Given information
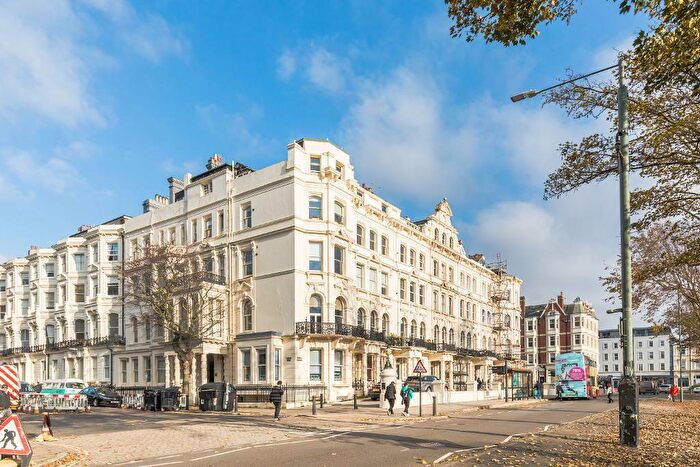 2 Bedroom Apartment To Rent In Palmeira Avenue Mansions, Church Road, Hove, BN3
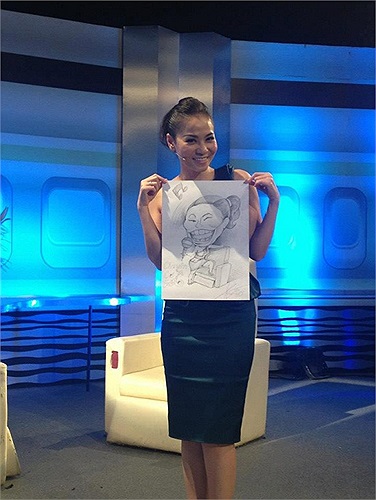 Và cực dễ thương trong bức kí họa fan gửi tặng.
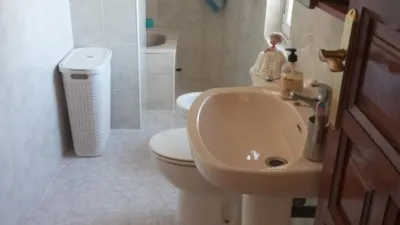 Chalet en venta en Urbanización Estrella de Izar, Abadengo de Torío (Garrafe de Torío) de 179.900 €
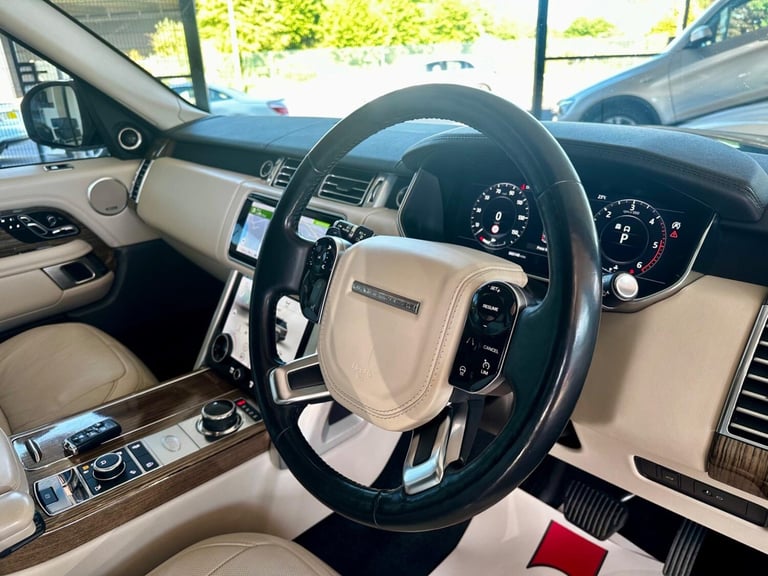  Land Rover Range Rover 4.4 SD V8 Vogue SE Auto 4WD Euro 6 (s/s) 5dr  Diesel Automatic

Assignment
Go to the line containing "Chalet en venta", then write out word for word every line from there to the end of the listing. Keep both end lines and drop the pictures.

Answer to this problem
 Chalet en venta en Urbanización Estrella de Izar, Abadengo de Torío (Garrafe de Torío) de 179.900 €
  Land Rover Range Rover 4.4 SD V8 Vogue SE Auto 4WD Euro 6 (s/s) 5dr  Diesel Automatic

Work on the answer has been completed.